Paul Selier (born c. 1979) lived in the Hague in the Netherlands. Early in the morning of 2 February 2018, Selier
encountered police officers in Waddinxveen and died whilst being arrested. A year later, the official investigation announced that excessive police violence had not been used and Selier had taken cocaine.

==Incident==
Selier lived in the Hague with his family. He had two children with his wife. He worked as a car dealer and also had a stall where he sold herring. Early in the morning of 2 February 2018, Selier was seen by eyewitnesses on the Oude Dreef in Waddinxveen, in a confused state. At 05:30 he was in his car, screaming and hitting the steering wheel; at 05:45 he was sitting in the road. Dutch police officers arrived at 05:50. He was ordered to lie on his stomach and when he did not do so, the officers started beating him, in an incident recorded by a passerby. The film showed one officer striking Selier repeatedly whilst the restrained man screamed.

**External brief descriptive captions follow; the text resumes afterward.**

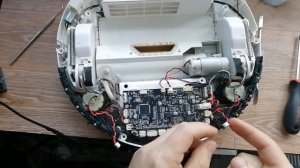 Ремонт робота пылесоса в Кудрово | Не работает мотор вентилятора + посторонний звук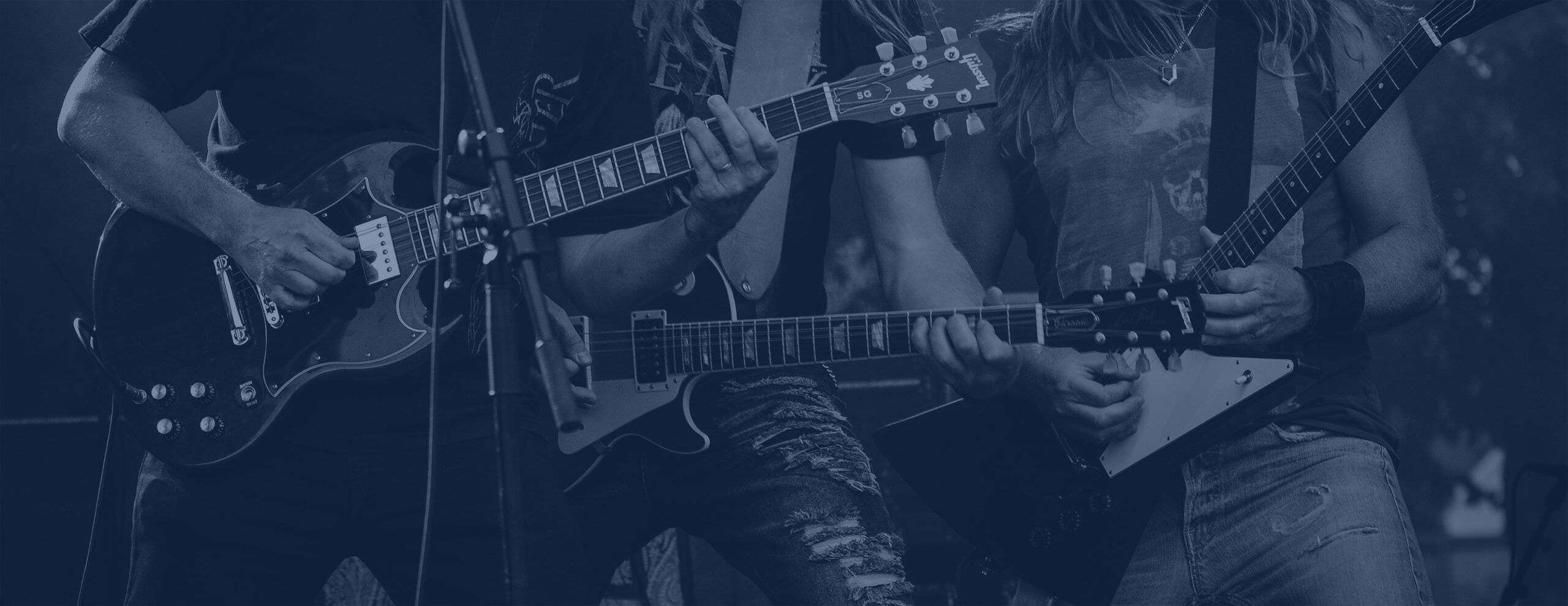 Rock festival, gitarist speelt op een Gibson SG gitaar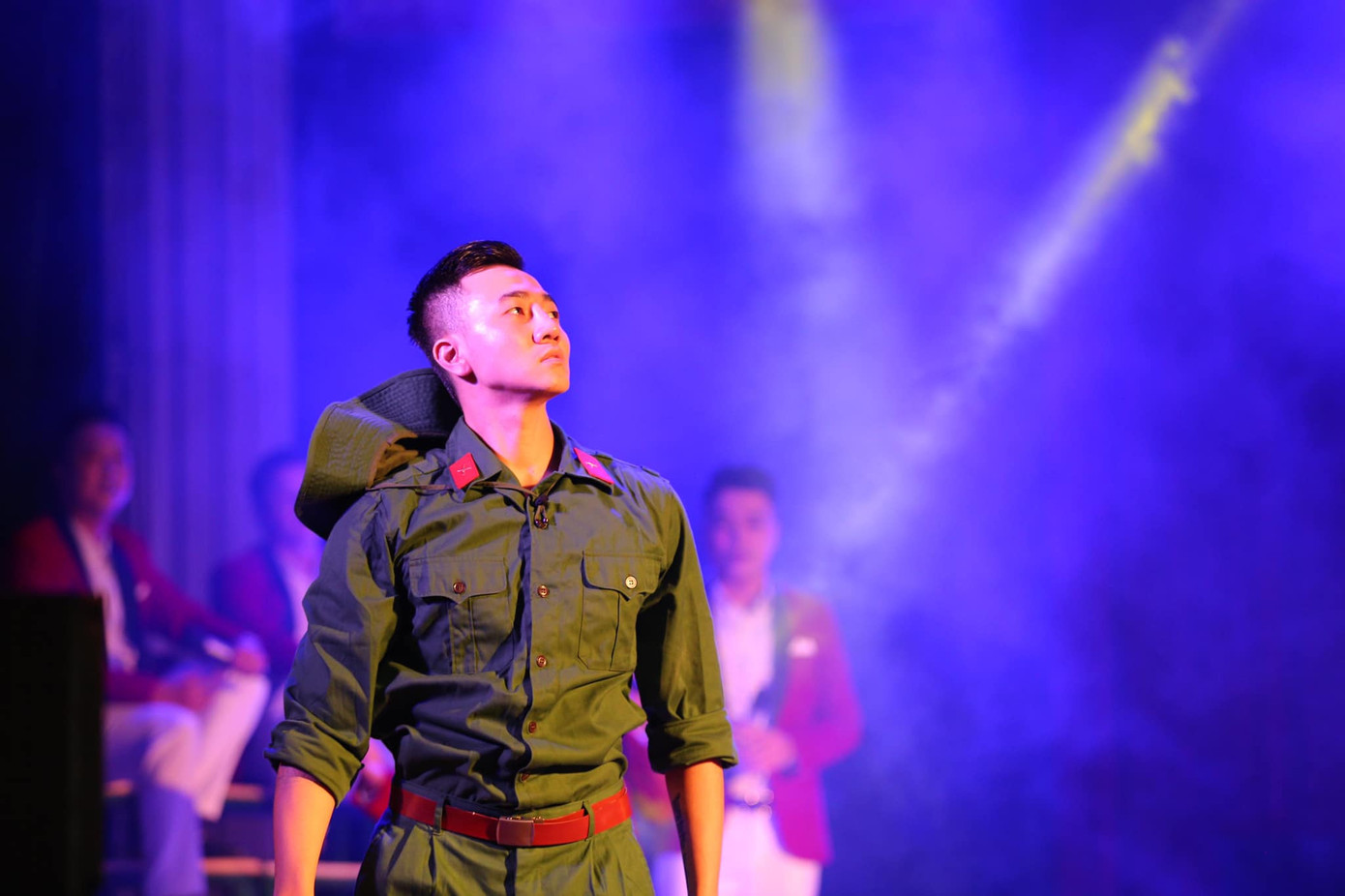 Diễn viên múa Khánh Tùng trên sân khấu biểu diễn.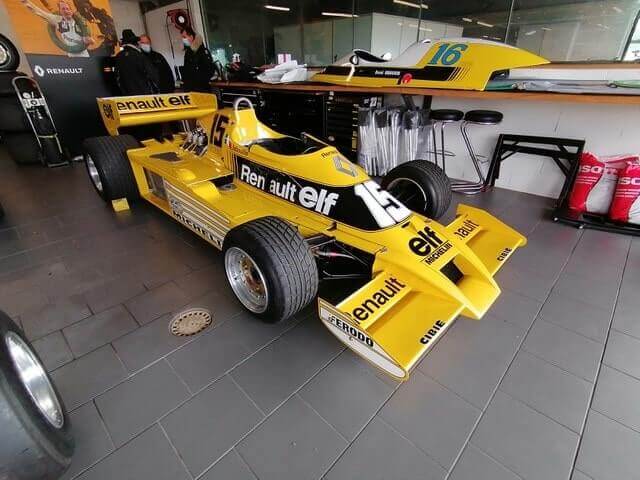 Voitures d'exception sur la piste du circuit de Mornay.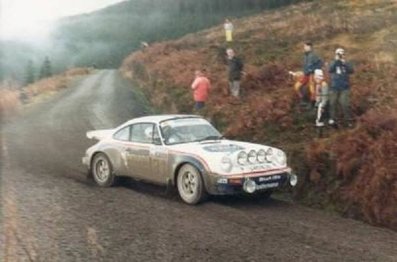 Roger Clark - Ian Grindrod
33º Lombard RAC Rally 1984. Porsche 911 SC RS (A451 BJB).  Clasificado 11º.

Del 25 al 29 de Noviembre, Chester, Cheshire, Inglaterra, Reino Unido.
Superficie: tierra.

El Rally tenia un total de 3232.00 km de los que 868.54 km divididos en 56 tramos eran especiales.

Se inscribieron 124 equipos, tomaron la salida 119, finalizaron 52.@
Palabras clave: Roger_Clark;Ian_Grindrod;Porsche;SC;RS;Grupo_B;Gran_Bretaña;1984;Inglaterra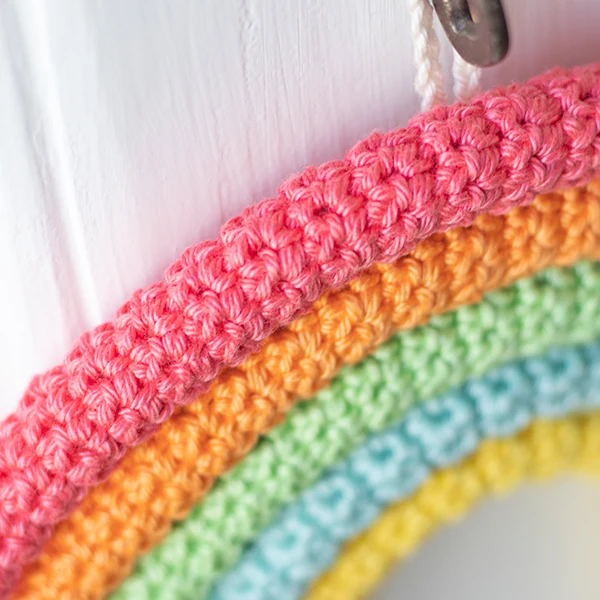 Wollplatz Regenbogen-Wandbehang-Häkelpaket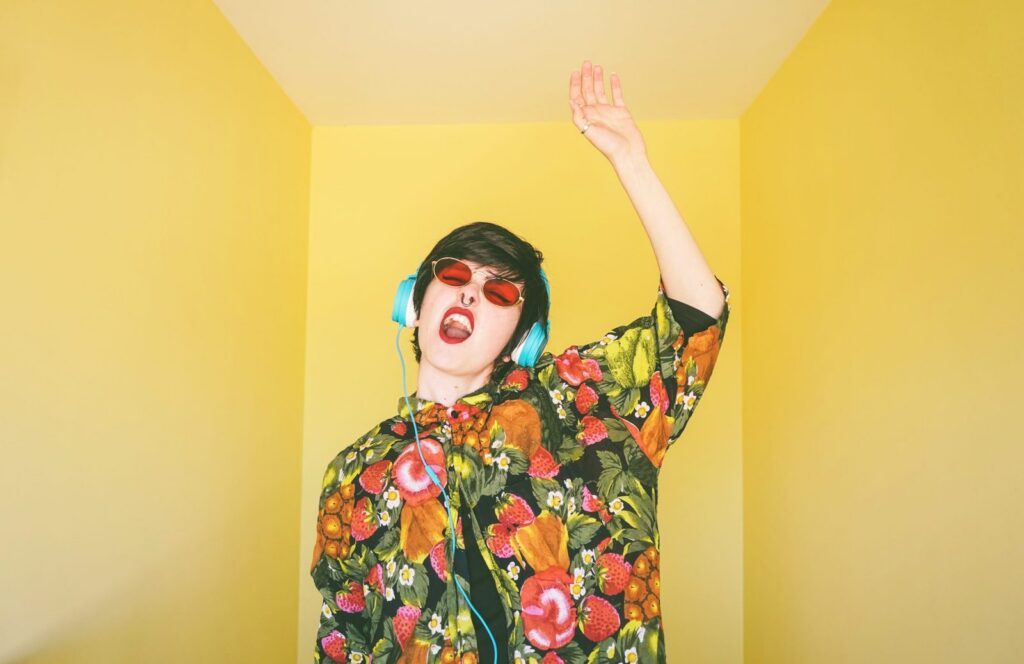 Cores vibrantes: tendências moda verão 2020/2021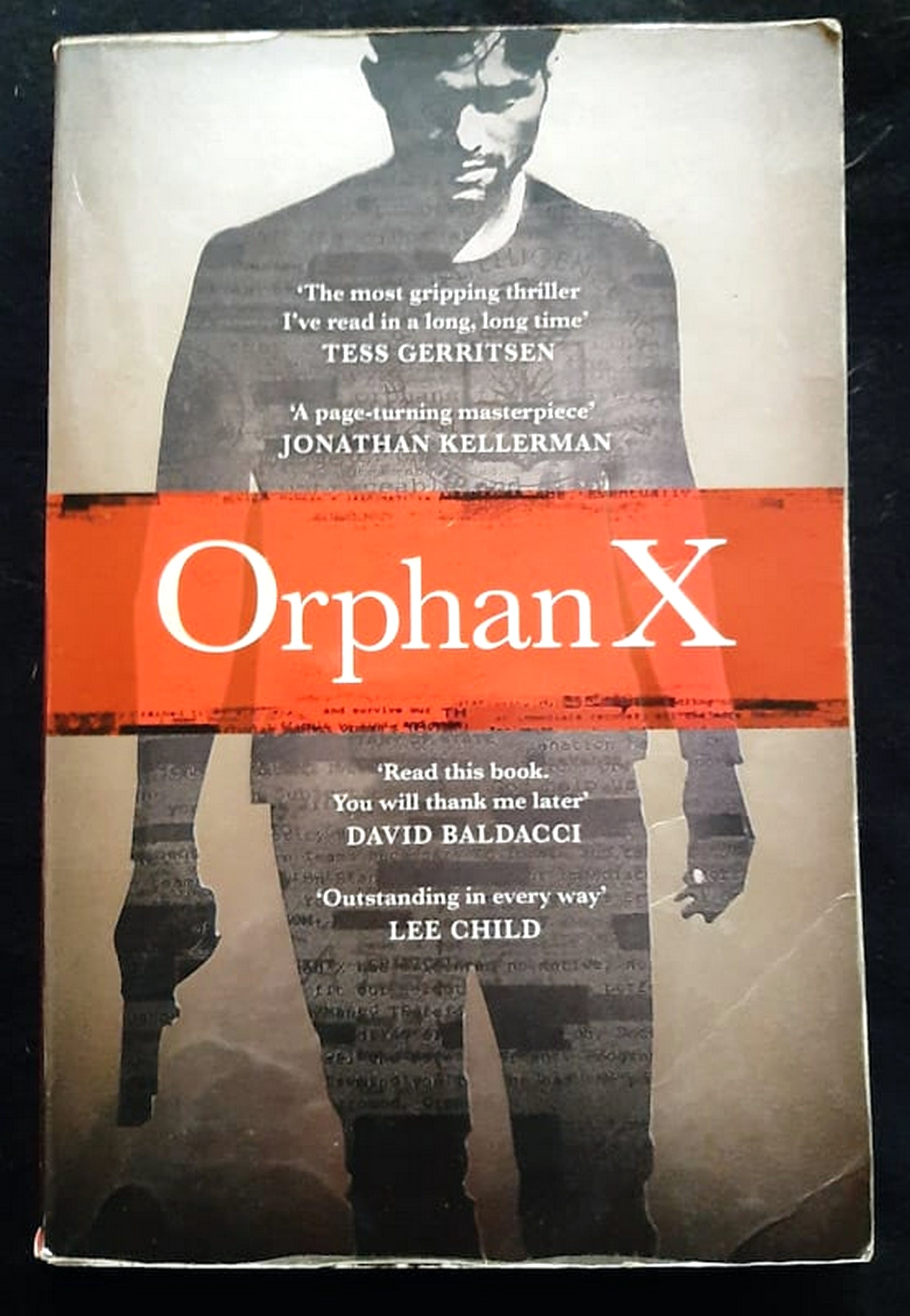 Front Cover Of Orphan X (Orphan X #1) (Gregg Hurwitz)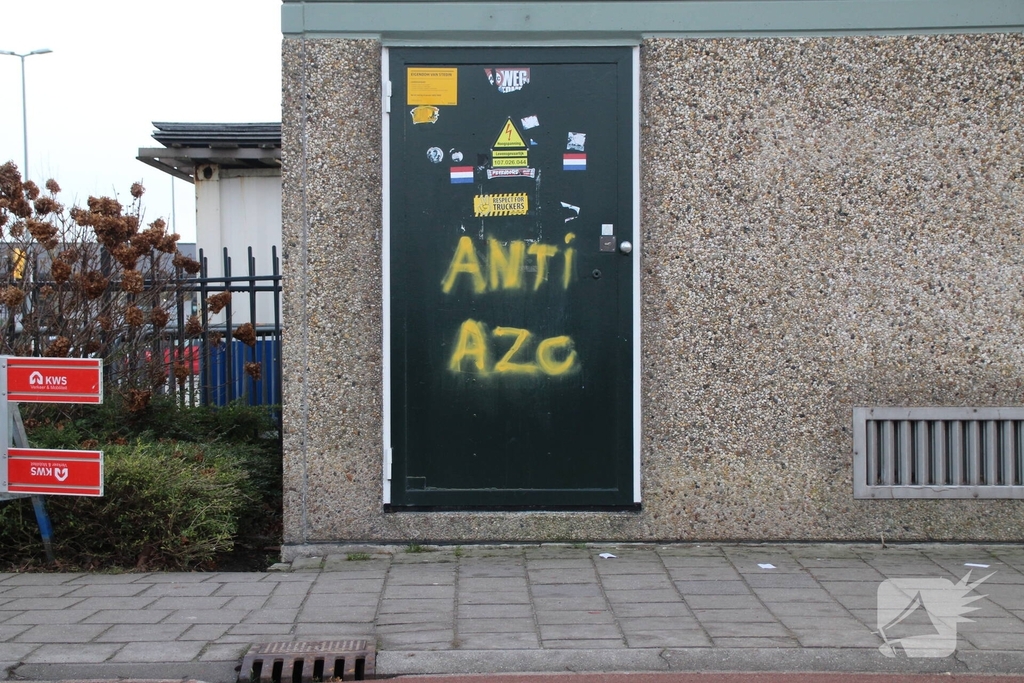 Bekladdingen op woningen en borden tegen het AZC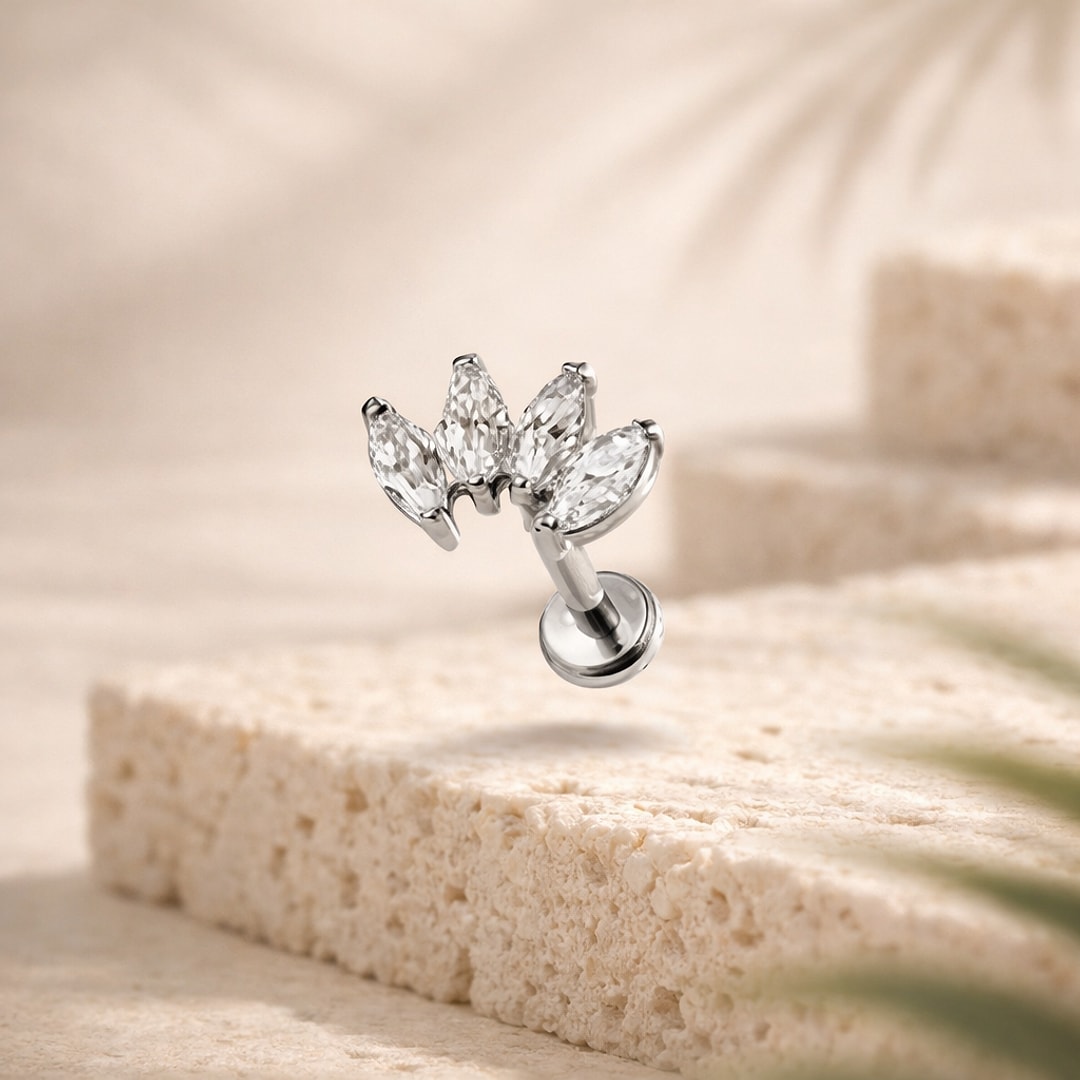 Stud flat back en titane argenté avec couronne de quatre zircons marquise, posé sur pierre claire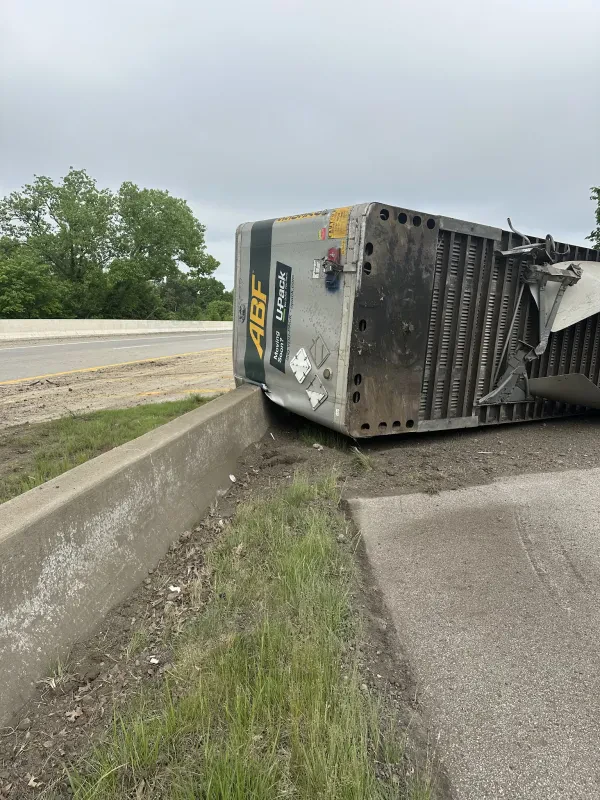 Kale's Towing LLC - photo 2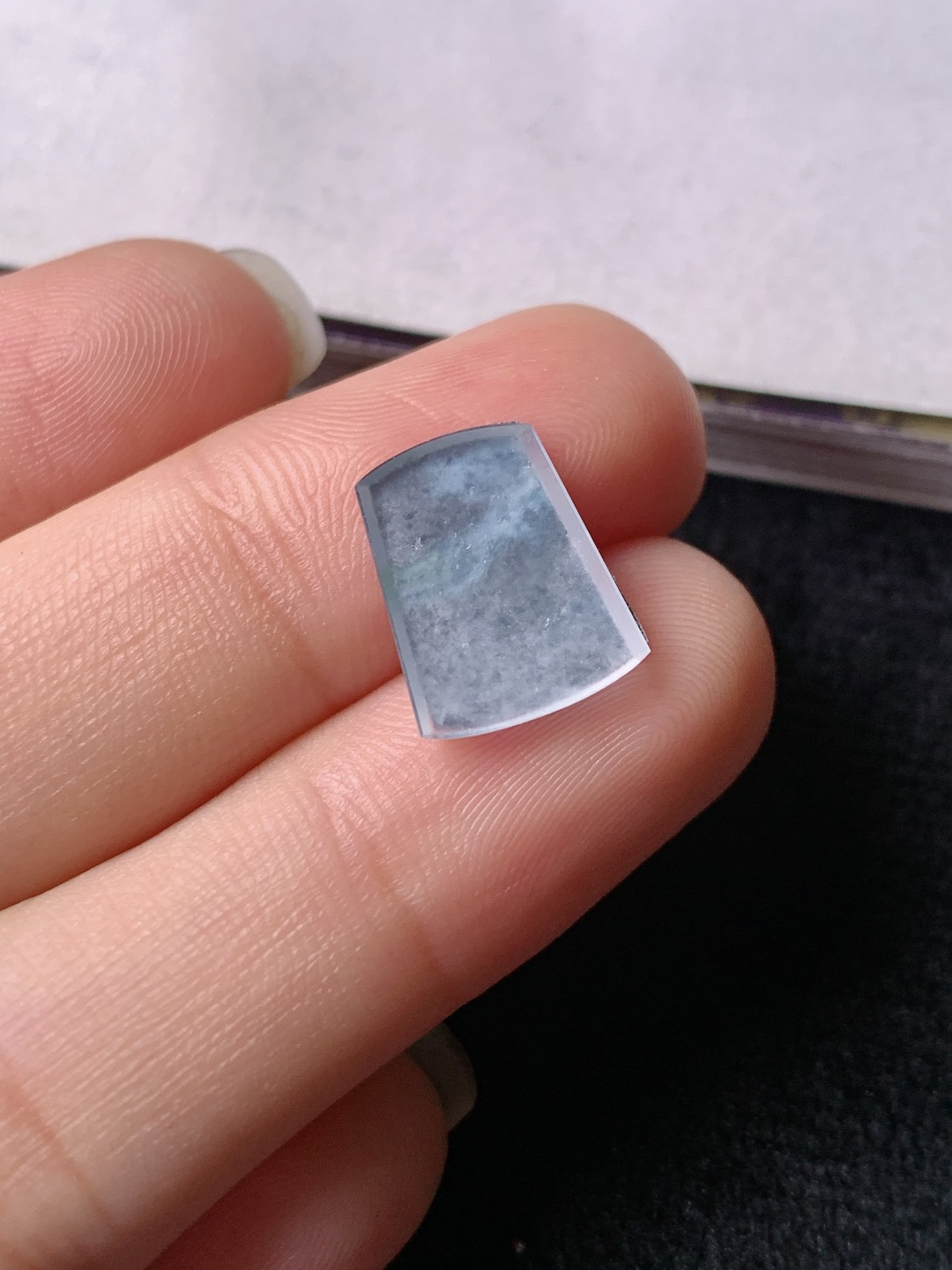 ️方形，色泽浓艳，0422尺寸12.4*9.9*1.3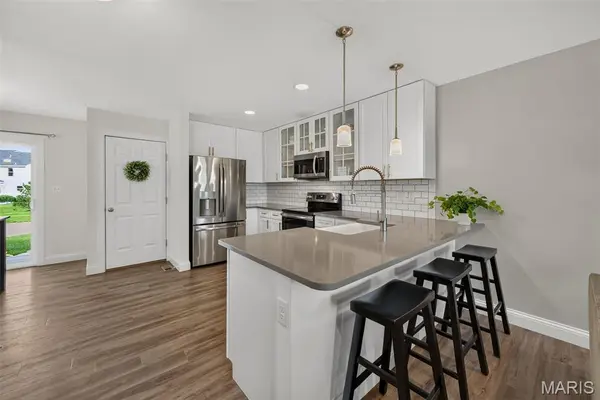 1853 Basston DR, Maryland Heights, MO 63146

At first, the police told the family that Selier had collapsed and died whilst being arrested, but then the footage of the officers beating Selier was shared with Omroep West. After initially refusing to comment, the Public Prosecution Service announced it would investigate. Shocked by the violence, a friend of Selier's organized a march in the Hague on 19 February, to protest against police brutality. An investigation by the Brabants Dagblad revealed that Selier was known to the police as a cocaine user who often had breakdowns and in January he had been observed acting strangely in Scheveningen harbour. On that occasion, he eventually jumped into the water and had to be rescued by six firemen.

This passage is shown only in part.